• [WHAT YOU HAVE TO DO]:
Copy out exactly the lines spanning the line with "WT-P855 New Coming" to the line with "ブライトリング BREITLING A32390", inclusive, from the data underneath, with no pictures.

• [THE RECORDS]:
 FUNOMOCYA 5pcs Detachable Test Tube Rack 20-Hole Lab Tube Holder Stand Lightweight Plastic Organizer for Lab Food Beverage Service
==
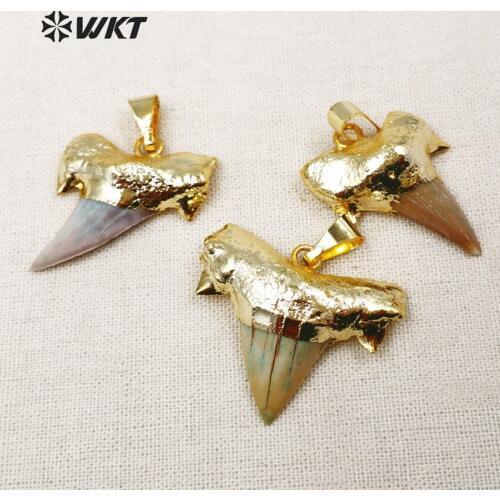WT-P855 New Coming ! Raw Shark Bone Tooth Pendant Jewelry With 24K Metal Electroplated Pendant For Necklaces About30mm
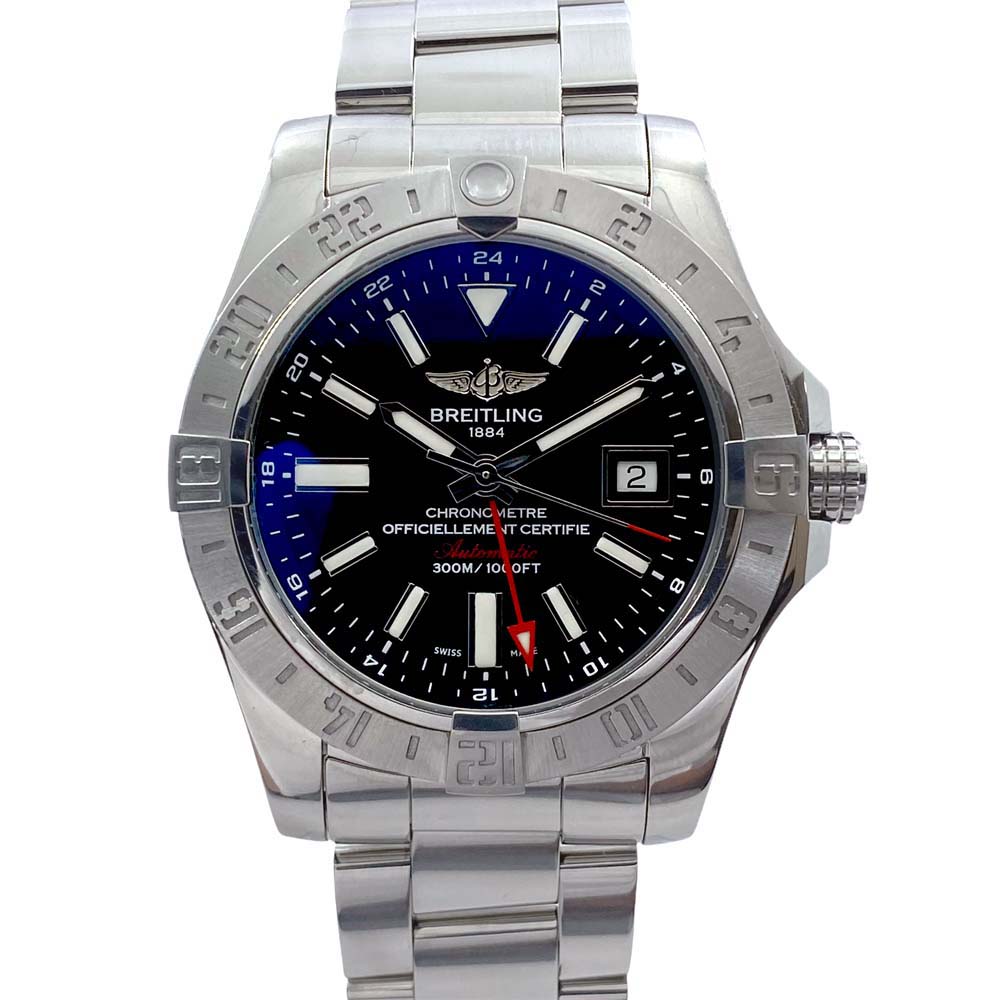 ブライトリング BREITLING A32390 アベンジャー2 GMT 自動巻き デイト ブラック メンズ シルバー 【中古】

• [SOLUTION]:
WT-P855 New Coming ! Raw Shark Bone Tooth Pendant Jewelry With 24K Metal Electroplated Pendant For Necklaces About30mm
 ブライトリング BREITLING A32390 アベンジャー2 GMT 自動巻き デイト ブラック メンズ シルバー 【中古】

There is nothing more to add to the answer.